書評習慣

大嶋暫と申します。書籍応援業。おすすめ本に関する書評ブログです。様々なコラムやエッセイも書いております。少しでも面白い書評が書けるよう奮闘中です。

書評『サラリーマンは300万円で会社を買いなさい』三戸政和 講談社+α新書

本書は、著者の強みと世の中の課題がばっちりマッチした、

売れるべくして売れている本です。

 

著者は元々SBIホールディングスで、ベンチャー企業への投資を行っていた

プロフェッショナルです。その人の目線で、中小企業100万企業が後継者不足といわれる現代の問題に切り込んでいきます。

 

結論から言うと、題名の通り中小企業を個人買収することを薦めております。

理由は、簡単で、資本家になっていかないとこれからの人生100年時代を生き残れないと著者は判断しているからです。では、なぜ資本家になることを薦めているのか?

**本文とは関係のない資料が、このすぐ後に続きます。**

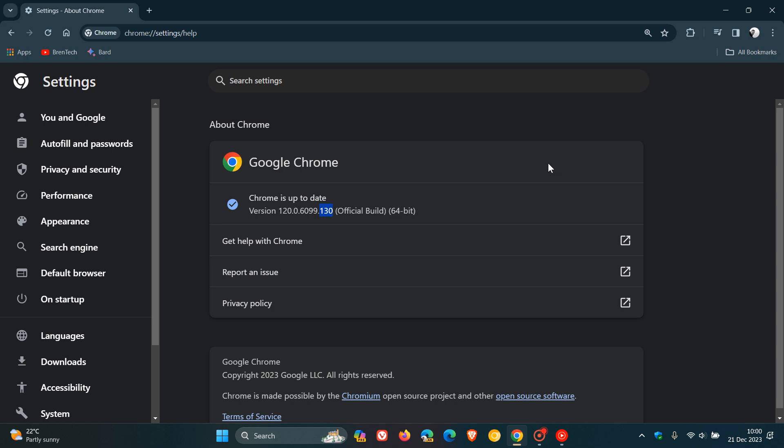When something is existing in the wild, when it comes to flaws and vulnerabilities, it means it's out there, it's current, and the exploit is happening currently. So it's very important to double-check that your browser is up to date.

よる自由な時間とお金を手に入れて、人生を謳歌していこうという前向きな目標のためです。

 

ただし、二つのことには、手を出すなと釘を刺します。

一つ目が、ゼロイチ企業。つまり0から会社を興して、起業すること。

理由は、成功できる確率が極めて低いのと、血のにじむような努力を努力とも思わない強靭な精神力を持っている人でないととても勤まらないと考えているからです。

 

二つ目が、飲食店経営。セカンドライフの過ごし方として、よく登場する飲食店経営ですが、著者は絶対に手を出してはいけないといいます。立地に左右される、長時間労働になりやすい、薄利である。など資本家の要素と反対の要素ばかりの飲食店経営者。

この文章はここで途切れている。